Transnet reports R49bn in irregular expenditure - but executives argue the figure is much lower
Transnet reported R49bn in irregular expenditure for the 2018-19 financial year - a mammoth rise from R8bn the previous year.
However, executives at the state-owned entity are in disagreement with external auditors SizweNtsalubaGobodo as to what qualifies as irregular expenditure - and by doing so are casting doubt on the reported figure.
This emerged on Monday during the reporting on Transnet's results for the financial year ending in March 2019, which took place at their offices in Waterfall City, north of Johannesburg.
Acting Transnet group chief executive Mohammed Mohamedy said the debate with the external auditors was about what constituted irregular expenditure. He hinted that the final figure may be far less, should Transnet's view prevail.
"As far as irregular expenditure is concerned, this year we are reporting R49bn. Last year we reported just over R8bn," said Mohamedy.
"In terms of what we reported last year and what we report this year, this year you have the entire locomotives contracts all reported as irregular. They were not reported as irregular last year; they were instead reported as matters that we still needed to investigate.
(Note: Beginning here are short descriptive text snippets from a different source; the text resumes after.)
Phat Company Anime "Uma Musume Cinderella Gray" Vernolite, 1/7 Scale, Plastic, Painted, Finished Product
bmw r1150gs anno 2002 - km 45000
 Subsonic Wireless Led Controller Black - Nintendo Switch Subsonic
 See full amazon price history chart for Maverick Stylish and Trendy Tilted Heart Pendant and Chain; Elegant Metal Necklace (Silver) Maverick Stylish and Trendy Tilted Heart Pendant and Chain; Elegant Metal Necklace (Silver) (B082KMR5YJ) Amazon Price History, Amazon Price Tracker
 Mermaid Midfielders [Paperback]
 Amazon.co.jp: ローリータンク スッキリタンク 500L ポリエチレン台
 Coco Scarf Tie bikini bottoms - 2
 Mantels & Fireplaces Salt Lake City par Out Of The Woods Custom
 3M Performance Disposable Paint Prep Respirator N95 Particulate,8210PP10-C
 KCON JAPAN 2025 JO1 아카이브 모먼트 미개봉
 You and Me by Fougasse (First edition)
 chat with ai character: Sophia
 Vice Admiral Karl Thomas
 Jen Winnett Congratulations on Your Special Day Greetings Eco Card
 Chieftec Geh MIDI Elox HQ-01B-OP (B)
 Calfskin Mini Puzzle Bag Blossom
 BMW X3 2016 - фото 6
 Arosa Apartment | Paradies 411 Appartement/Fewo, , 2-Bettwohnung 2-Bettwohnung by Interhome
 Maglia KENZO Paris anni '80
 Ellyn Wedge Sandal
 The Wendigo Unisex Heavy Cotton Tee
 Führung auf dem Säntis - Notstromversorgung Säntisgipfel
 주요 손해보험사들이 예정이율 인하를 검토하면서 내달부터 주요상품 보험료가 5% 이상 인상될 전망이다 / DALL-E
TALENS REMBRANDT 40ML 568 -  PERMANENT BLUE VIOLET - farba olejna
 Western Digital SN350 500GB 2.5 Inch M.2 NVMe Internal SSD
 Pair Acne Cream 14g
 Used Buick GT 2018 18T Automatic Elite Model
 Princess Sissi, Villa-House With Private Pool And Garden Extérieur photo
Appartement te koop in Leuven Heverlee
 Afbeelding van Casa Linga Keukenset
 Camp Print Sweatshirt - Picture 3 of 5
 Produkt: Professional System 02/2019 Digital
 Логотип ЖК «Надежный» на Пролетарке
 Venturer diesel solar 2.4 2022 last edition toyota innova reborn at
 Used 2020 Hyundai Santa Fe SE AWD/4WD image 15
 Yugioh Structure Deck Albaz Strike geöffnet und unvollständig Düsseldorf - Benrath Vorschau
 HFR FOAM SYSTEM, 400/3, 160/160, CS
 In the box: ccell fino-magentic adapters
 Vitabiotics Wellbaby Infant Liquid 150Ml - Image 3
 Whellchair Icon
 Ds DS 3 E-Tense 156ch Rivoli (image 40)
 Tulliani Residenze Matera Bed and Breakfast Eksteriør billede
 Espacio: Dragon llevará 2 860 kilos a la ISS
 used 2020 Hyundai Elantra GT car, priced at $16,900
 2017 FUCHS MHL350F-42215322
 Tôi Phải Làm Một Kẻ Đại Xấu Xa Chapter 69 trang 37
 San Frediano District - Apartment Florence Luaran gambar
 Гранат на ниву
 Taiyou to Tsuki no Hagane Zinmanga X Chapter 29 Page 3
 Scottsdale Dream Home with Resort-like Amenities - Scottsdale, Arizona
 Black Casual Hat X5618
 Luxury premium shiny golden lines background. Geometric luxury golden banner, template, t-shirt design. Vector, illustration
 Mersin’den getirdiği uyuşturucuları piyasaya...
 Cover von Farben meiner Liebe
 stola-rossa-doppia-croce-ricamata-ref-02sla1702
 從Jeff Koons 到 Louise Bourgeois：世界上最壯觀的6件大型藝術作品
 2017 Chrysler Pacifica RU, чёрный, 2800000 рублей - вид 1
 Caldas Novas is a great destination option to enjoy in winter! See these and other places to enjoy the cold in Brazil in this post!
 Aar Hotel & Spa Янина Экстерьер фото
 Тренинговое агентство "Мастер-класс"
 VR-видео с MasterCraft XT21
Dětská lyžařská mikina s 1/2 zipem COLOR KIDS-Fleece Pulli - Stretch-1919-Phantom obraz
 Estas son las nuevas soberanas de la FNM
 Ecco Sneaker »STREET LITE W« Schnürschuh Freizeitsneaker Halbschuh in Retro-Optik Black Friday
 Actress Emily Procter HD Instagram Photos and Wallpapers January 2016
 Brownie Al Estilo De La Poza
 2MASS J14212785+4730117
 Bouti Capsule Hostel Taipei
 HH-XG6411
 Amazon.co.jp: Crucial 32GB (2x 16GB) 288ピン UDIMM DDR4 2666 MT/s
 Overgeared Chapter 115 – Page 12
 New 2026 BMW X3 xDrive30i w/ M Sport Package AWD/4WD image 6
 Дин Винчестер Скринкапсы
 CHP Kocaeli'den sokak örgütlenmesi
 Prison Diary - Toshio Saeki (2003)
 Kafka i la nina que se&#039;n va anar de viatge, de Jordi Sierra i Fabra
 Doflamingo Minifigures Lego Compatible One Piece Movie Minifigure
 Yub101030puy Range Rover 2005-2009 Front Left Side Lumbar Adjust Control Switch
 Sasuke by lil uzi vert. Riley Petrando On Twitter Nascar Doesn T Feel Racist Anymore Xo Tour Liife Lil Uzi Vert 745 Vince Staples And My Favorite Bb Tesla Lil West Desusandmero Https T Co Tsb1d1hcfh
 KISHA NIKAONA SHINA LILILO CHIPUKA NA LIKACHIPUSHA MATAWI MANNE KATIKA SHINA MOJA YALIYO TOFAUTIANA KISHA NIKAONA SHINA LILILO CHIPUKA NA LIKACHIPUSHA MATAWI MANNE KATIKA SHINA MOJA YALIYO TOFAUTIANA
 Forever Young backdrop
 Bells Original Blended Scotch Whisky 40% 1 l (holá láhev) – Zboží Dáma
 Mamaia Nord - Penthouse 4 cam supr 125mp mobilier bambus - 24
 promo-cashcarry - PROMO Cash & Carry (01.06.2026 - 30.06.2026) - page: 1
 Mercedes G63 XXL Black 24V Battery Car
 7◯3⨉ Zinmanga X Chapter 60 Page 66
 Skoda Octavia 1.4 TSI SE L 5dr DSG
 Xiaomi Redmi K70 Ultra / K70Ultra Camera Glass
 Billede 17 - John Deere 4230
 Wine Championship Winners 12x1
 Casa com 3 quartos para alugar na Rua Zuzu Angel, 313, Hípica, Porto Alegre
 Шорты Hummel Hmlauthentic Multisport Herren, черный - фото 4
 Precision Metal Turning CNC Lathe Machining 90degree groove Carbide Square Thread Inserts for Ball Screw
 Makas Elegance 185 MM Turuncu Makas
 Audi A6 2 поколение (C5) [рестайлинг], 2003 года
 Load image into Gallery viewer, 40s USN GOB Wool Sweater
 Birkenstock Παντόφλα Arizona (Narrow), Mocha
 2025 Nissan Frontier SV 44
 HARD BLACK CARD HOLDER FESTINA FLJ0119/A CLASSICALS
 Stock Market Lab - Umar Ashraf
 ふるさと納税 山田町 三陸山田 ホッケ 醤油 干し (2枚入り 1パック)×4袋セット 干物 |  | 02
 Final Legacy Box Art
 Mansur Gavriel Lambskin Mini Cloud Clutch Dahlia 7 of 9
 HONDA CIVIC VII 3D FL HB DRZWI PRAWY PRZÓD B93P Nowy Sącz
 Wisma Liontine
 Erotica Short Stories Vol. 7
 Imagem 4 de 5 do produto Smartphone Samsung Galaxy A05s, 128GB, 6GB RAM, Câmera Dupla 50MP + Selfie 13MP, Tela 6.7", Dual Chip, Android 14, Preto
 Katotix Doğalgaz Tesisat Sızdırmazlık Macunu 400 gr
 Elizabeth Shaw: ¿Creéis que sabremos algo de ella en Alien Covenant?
"So if we look at the R49bn and the contracts included in it, there would be a fundamental difference with the R8bn reported last year. Therefore there is no direct correlation between the two numbers."
Mohamedy said this "misunderstanding" about irregular expenditure with the external auditors had led to their financial statements being qualified.
The National Treasury has also entered the fray on the disagreement between Transnet and the external auditors.
"On the issue of the difference of opinion, let us point out this issue came up very late in the audit process, in the last eight weeks," said Transnet acting chief financial officer Mark Gregg-Macdonald.
"It centres on the use of pre-qualification criteria on our tender. The view from the external auditors is that we were not supposed to use the pre-qualification on our tenders - saying that if we did, it made the tenders irregular.
"There are divergent views as to whether that is the case because we used the pre-qualification criteria to achieve the targets set by our shareholders around competitive supply.
"It is also important to note that in June 2018 we had already stopped using the pre-qualification criteria, so in any event if it was irregular we had already stopped using that criteria.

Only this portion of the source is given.